[Crawled caption data]
**********

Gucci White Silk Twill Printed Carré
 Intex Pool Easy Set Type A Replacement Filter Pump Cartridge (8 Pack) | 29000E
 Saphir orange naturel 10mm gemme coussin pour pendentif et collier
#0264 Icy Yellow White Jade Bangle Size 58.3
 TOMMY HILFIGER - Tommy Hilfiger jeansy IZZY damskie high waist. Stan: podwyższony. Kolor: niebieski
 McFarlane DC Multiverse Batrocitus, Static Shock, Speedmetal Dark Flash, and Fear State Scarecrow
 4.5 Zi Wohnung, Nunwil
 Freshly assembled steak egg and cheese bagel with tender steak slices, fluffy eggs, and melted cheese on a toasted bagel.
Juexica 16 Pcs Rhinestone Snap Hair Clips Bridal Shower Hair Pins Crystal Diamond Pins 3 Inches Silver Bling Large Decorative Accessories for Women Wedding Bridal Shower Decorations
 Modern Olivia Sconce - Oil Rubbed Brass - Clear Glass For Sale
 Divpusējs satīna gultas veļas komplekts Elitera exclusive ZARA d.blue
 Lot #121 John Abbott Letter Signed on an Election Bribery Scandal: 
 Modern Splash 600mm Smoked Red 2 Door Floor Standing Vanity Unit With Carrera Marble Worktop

**********

_TASK DESCRIPTION_. Your output must contain exactly the lines from the one containing "Divpusējs satīna gultas" to the final line of the data above, and no other text.

_EXERCISE OUTPUT_.
 Divpusējs satīna gultas veļas komplekts Elitera exclusive ZARA d.blue
 Lot #121 John Abbott Letter Signed on an Election Bribery Scandal: 
 Modern Splash 600mm Smoked Red 2 Door Floor Standing Vanity Unit With Carrera Marble Worktop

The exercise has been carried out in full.